I'm not sure why, but we weren't going to the same party on new years eve. I was going to a girl's that was a friend of a friend and he was going god knows where with his friends. As day turned to dusk and darkness filled the air we said our goodbyes, I kissed him one last time not thinking that would be the last time I'd kiss him forever and set off to meet my friends.

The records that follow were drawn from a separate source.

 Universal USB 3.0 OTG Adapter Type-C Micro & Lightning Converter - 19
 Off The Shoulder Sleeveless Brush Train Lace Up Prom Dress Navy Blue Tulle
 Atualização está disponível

We were at the bowling green, sat around on the damp dew filled grass, passing the big bottle of vodka mixed with 17p coke, all making that funny face every pulls after a shot until the vodka had warmed our throats and our stomachs enough. We saw a few friends coming to join us, beers and vodka in tow. We had our own little party going on. We were getting happily drunk until a friend decided to set himself on fire: He covered himself in lynx spray and lit it with a lighter, on purpose He asked whether it would work and I told him to find out. Shocked, I screamed "STOP, DROP, AND ROLL" in which he thumped to the ground and rolled around like a possessed creature. I laughed so hard I couldn't help him, but he wasn't hurt, everything was fine. After that, we thought it'd be best to head to the party so we were in the safety of someone's house rather than outside where you can set yourself on fire. Yanno, the normal dangers of being outside.

As we were walking to the party, a friend took hold of my hand. He claimed it was because I was too drunk.. I wasn't. He then recited a pick up line "I've lost my teddy bear, can I sleep with you?" I laugh and say no. I thought it would be awkward as he was my ex boyfriend, the one I had to dump when I got kicked out. But it wasn't awkward, it was easy. We chatted as mates, laughing and joking and drinking.

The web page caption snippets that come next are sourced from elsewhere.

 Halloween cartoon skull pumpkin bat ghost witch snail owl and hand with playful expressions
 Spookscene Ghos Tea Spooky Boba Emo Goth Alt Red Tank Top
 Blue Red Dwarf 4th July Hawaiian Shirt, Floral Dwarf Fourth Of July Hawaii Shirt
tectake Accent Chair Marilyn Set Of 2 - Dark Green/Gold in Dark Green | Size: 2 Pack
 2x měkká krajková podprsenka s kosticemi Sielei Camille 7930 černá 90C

We polished off the litre of vodka and whatever else there was before we got to the party. Now I was too drunk. I slumped on the sofa and started to watch "A Cinderella Story." I don't know how, or who came on to who, but the next thing I know, I'm making out with my ex boyfriend. Now, I know being drunk isn't an excuse but hand on my heart, as horrible as it sounds, I literally forgot I had a boyfriend. If I was in a conscious state of mind, it wouldn't have happened. Not in one million years. But it did happen and I regret it to this day. So we're making out, I stop him and go get myself another beer. Whilst I'm in the kitchen I decide to have a cigarette. So there I am, puffing away, head resting on the table like a true classy bird, and I need to burp I know, I know, so lady like, so I look up, burp, but instead of just air coming out, projectile vomit spews rapidly out of my mouth. Everyone watching with jaws wide open.

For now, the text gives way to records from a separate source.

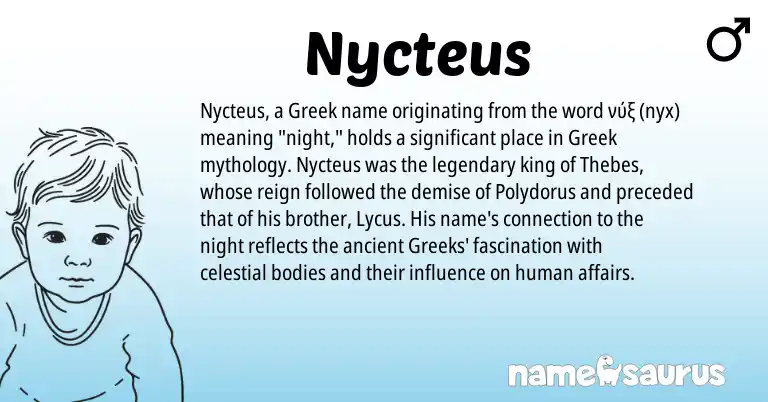 Infographic about Nycteus name meaning, Nycteus is a name from Greek origin(s).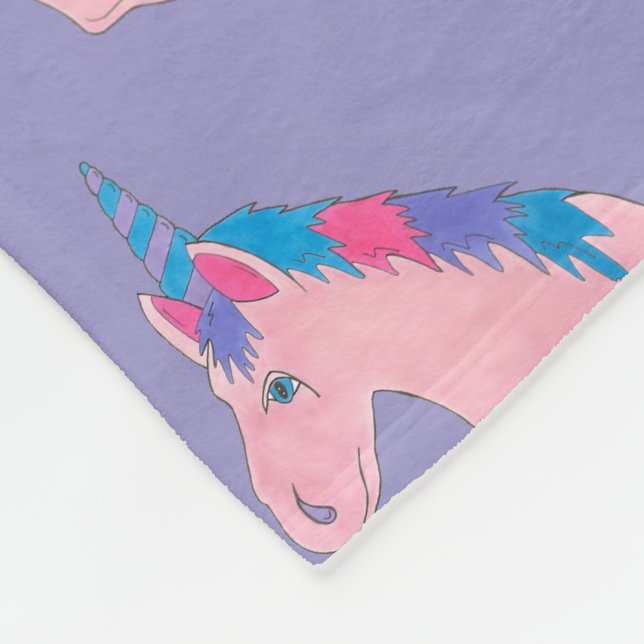 Magical Pink Purple Horn Unicorn Horse Mythical Fleece Blanket (Corner)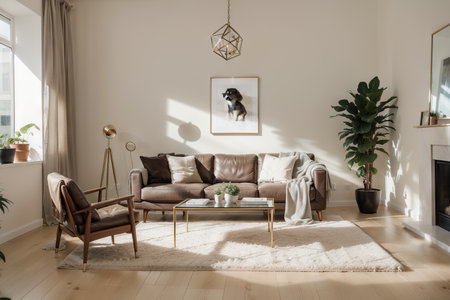 The elegant living room with copy space, coffee table with dark dog sculpture, gold lamp and personal accessories. Beige wall. Home decor. Template.の素材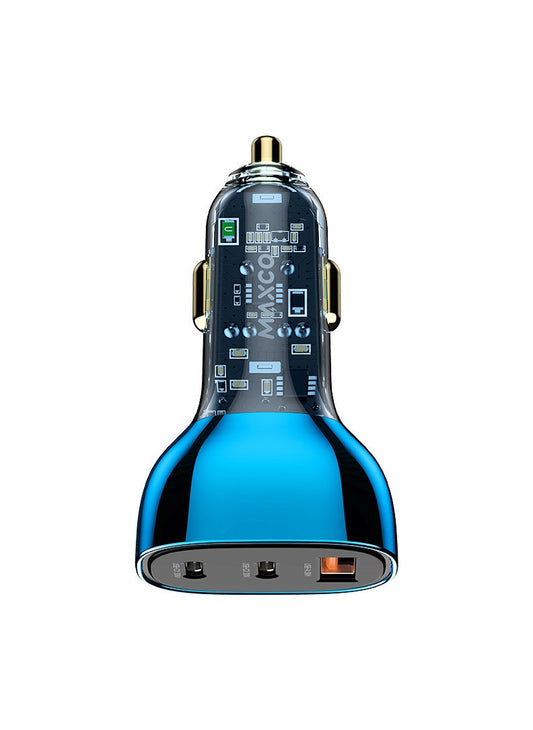 Maxco MQ05 PD3.0 Fast Car Charger 90W USB-A + 2 USB-CPorts - Transparent Blue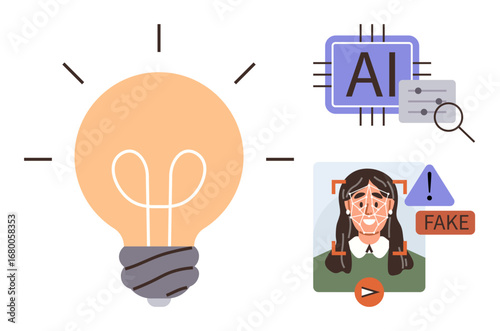 Light bulb signifying creativity, AI chip with sliders, and deepfake detection alert with overlay. Ideal for innovation, AI ethics, technology, digital media, problem-solving, research simple flat
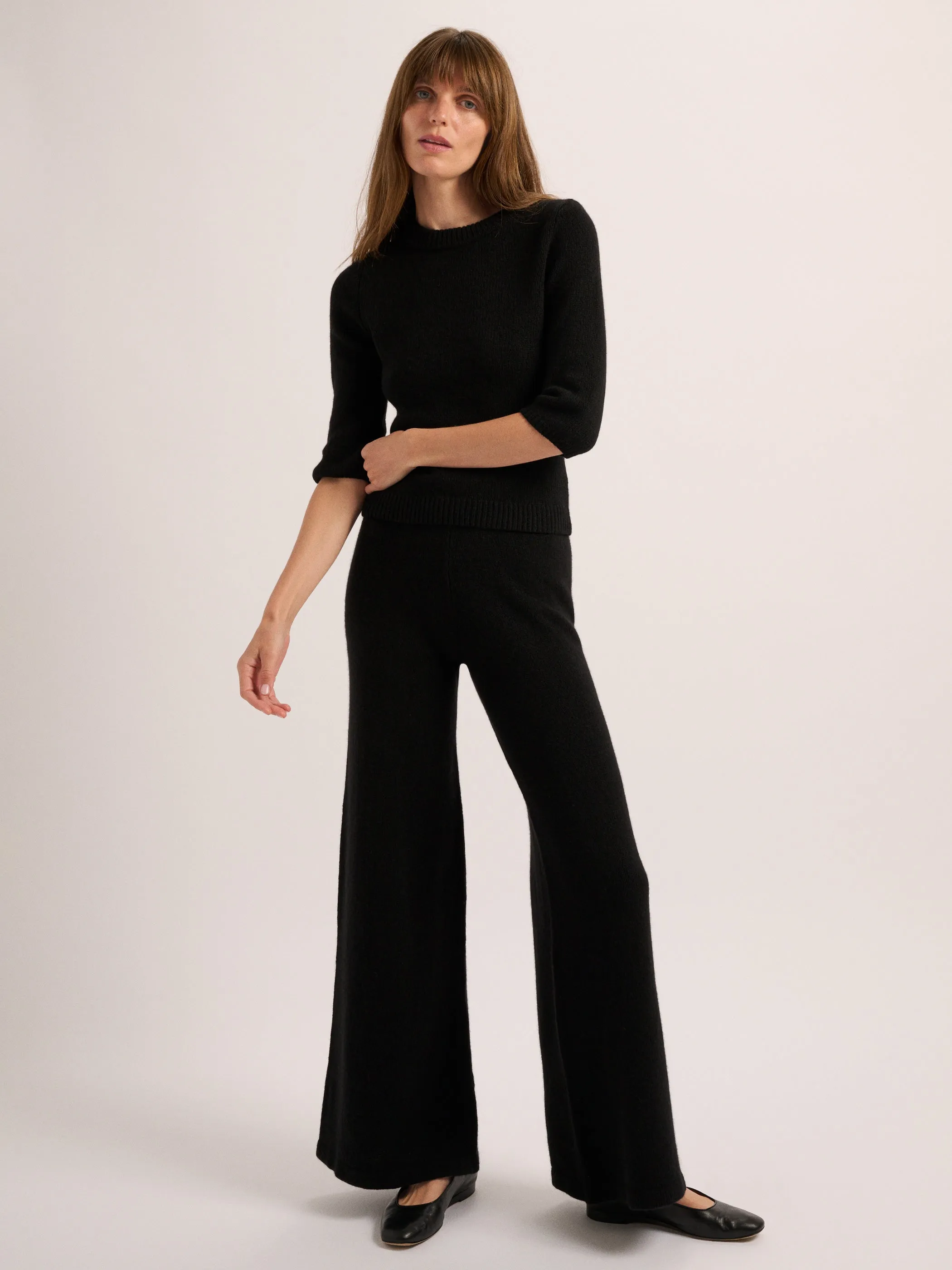 The Ella Elbow Sleeve Sweater in Cashmere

I was so drunk that my projectile vomit didn't phase me. I wasn't embarrassed, I didn't even know what the fuck was happening. I just stared blankly until someone took me outside. They grabbed my friend and we took the long walk back home. Drinking more beer along the way because lol we were hardcore 13 year old's and didn't listen to anyone.. not even our own bodies. We got back to my friends house and I checked my phone. I had a missed call from my boyfriend so I called him back - completely forgetting about the events earlier that night. He was slurring his words down the phone and we arranged to meet. I told him I would walk to where he was and he said he'd ring me back. I found myself eating slices of burger cheese waiting for his call in my friends bed before I passed out to "Absolutely Fabulous" playing on the tv.